Time titled their piece “Obamacare: Keeping Your Doctor No Easy Feat,” an implicit recognition that the President’s promise that if you like your doctor you can keep him or her was a lie.
But then Time goes off the deep end in quoting sources who argue, unfathomably, that what is happening in Obamacare is “market competition.” That is how Karen Pollitz, “a senior fellow at the Kaiser Family Foundation who studies the insurance market,” characterized it. “Whether you like it or not, this is what we signed up for,” she said.
Pollitz is identified as “work[ing] for the Department of Health and Human Services helping to implement the ACA before taking a post at Kaiser.” Clearly, she is no unbiased source, yet she is quoted extensively.
The other source, Dr. Jeff Rideout, is the California “exchange’s senior medical adviser.” He says that “Better value occurs when there’s better alignment between a plan and a relatively tight network.”
“In other words, when insurers and providers are more dependent on each other, there’s more motivation to deliver efficient care,” reports Time’s Kate Pickert.
Let’s unpack the word “efficient” for a second.
Paul Hsieh, writing for Forbes, notes that, before Obamacare, the incentives for doctors were to sometimes over-bill by prescribing unnecessary care and procedures. The incentive under Obamacare, however, is to provide less care. “Under ObamaCare, doctors will face increasing incentives for undertreatment rather than overtreatment,” writes Hsieh (emphasis in original).
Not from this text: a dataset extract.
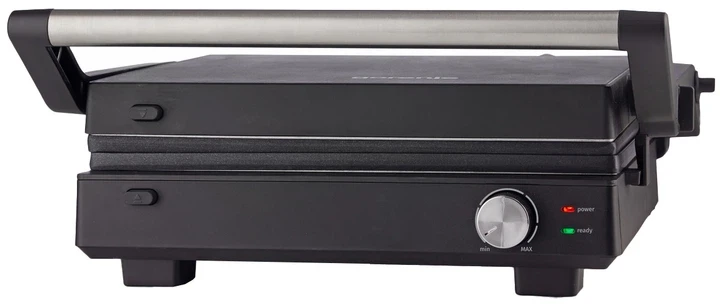 Зображення товару Гриль Gorenje GCG 2000 M2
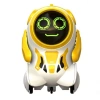 Üreticiniz Silverlit Pokibot Robot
For example, it includes pilot programs that replace the fee-for-service model with bundled payments. “If the hospital and doctors treat the patient for less than the bundle, they keep the excess,” writes Hsieh. “But if their costs exceed the bundled payment, they must absorb the loss.” In other words, profit comes from short-changing the patient.
As for “narrow networks,” they “will create a powerful incentive for physicians to adhere to any treatment guidelines mandated by the government or by government-approved insurance plans,” and effectively drive a wedge between the patient and the physician because “many doctors will lose long-standing relationships with patients they’ve seen for years,” he writes.
This, Time magazine brazenly allows to be called market competition. It actually is a realignment of the marketplace that favors the poor against the wealthy and redistributes wealth in the name of liberalism. “In part, Obamacare is fashioned as a vehicle to redistribute income through healthcare benefits,” writes Scott Gottlieb for Forbes. And a new study by the Brookings Institution finds it does just that—it “increase[s] the incomes of Americans who fall in the bottom one-fifth of the income levels, while slightly decreasing…the incomes of senior citizens,” according to USA Today. And it reduces the income of the wealthy using Medicare taxes.
Despite all that, Obamacare still seems to be giving poor families the short straw. “Children who qualify for Medicaid, the safety-net program for the poor and disabled, can’t be included on subsidized family plans purchased through the federal marketplace, a fact that is taking many parents by surprise and leaving some kids stuck without coverage,” reported CBS. “And in New Hampshire, some parents who’ve enrolled in private plans for themselves alone are finding out later that their children aren’t eligible for Medicaid after all, leaving their kids with no options.” For many, those seem to be the main features of Obamacare: high costs, no options, and no coverage.